Coaxial cables are typically manufactured by forming, over a center wire, a molded dielectric, and forming a braided outer conductor over the dielectric. Alternatively it may be manufactured by inserting a center wire conductor within a hollow braided wire (or some other flexible metal tubing) with spacers. The dielectric spacers or shielding that run down the length of the cable prevents electrical contact of the center conductor to the outer conductor and holds a pre-defined distance between the center conductor and the outer conductor. The electrical terminals of the center conductor and the outer conductor are typically connected to a source generating microwave signals or power in order to transmit electrical signals or energy effectively through the cable.
In such cables the center conductor is usually a solid wire. Cables with hollow conductors have been disclosed, for example, in Guilbert et al, U.S. Pat. No. 5,006,825 (1991), and Ditscheid et al, U.S. Pat. No. 3,600,709, (1971). However, the hollow core coaxial cables described in these patents tend to be large, inflexible, and expensive, and do not lend themselves easily to miniaturization. For applications where a very small diameter cable is required, the existing techniques do not scale down well in size, for example, to cable diameters below 2 mm, 1 mm, or 0.3 mm.

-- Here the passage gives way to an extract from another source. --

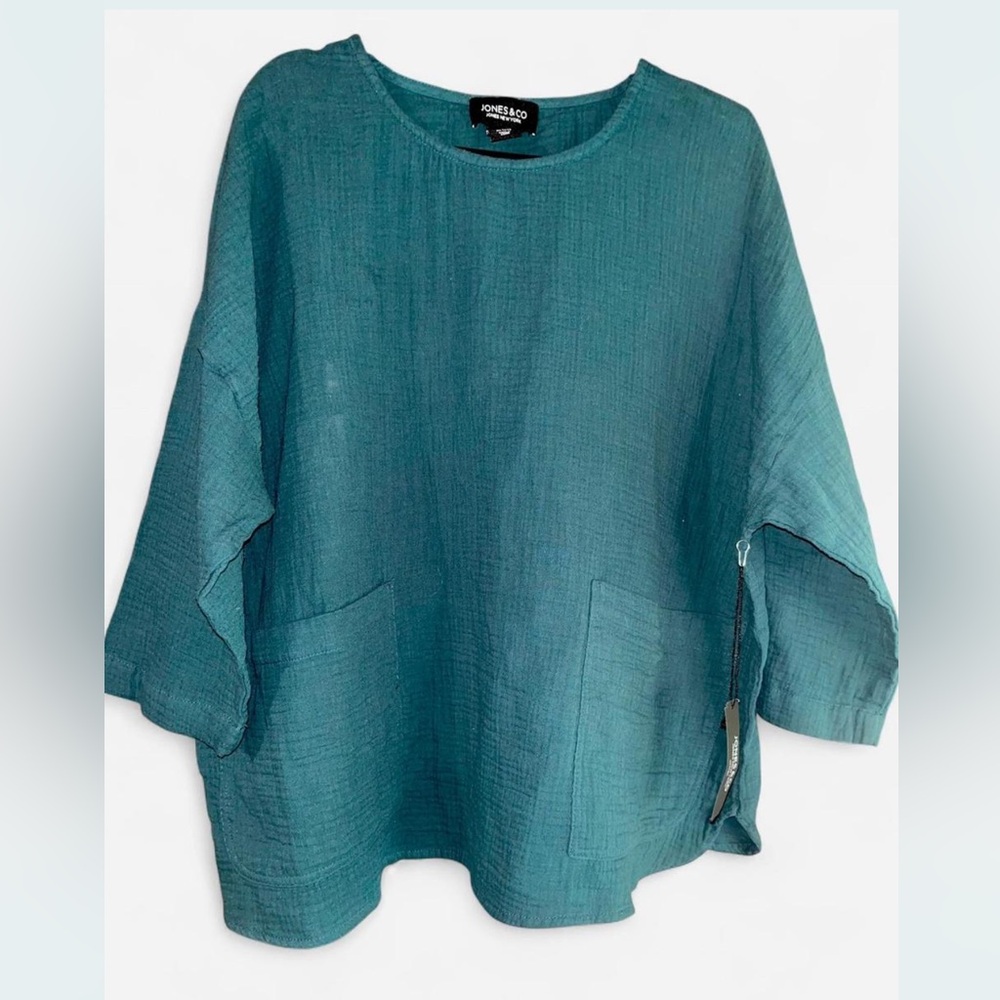 Green Gauze Tunic with 3/4 Sleeve sz 2X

In addition, hollow glass waveguides for transmitting mid-infrared wavelengths of between 2.5-25 μm have been constructed based on hollow glass fibers having inner diameters of between 250-1000 μm with a conductor such as silver coated on the inside wall of the fiber at thicknesses from 0.2-0.4 μm. The conductor is then coated with thin layers of dielectric materials such as polyimides, aluminum oxide, titanium dioxide, silicon dioxide, zinc chalcogenides (oxides, sulfides, selenides, and tellurides) silicon nitride, compound semiconductors and various metal halogen compounds, including silver chloride, silver bromide and silver iodide. For example, Matsuura et al., in “Optical properties of small-bore hollow glass waveguides,” Appl. Opt. 34, 6842 (1995), describes the formation of silver coatings onto the inside of glass capillaries having inner diameters as small as 250 μm and subsequently coating the silver layer with silver iodide. Croitoriu et al, U.S. Pat. No. 4,930,863 (1990) discloses essentially the same structure but larger and in tubes constructed of various polymers, including polyethylene, polytetrafluoroethylene, fluorinated ethylene-propylene, perfluoroalkoxy olefin as well as polyethylene, polypropylene, nylon 6, nylon 11, silicone rubber, rubber, polyvinyl chloride and polystyrene. However, these disclosed waveguides are hollow and do not have a central conductor with a metalized outer conductor surface separated by a dielectric and are therefore not coaxial nor in TEM (transverse electromagnetic mode). Hollow core waveguide techniques are limited in their size as a function of the frequency of interest and at microwave frequencies that would require core diameters to range from many centimeters across to millimeters across in the 10-100 GHz range unlike a TEM transmission line such as coaxial cables. In addition they are limited in bandwidth to a particular frequency band based on the diameter of the waveguide.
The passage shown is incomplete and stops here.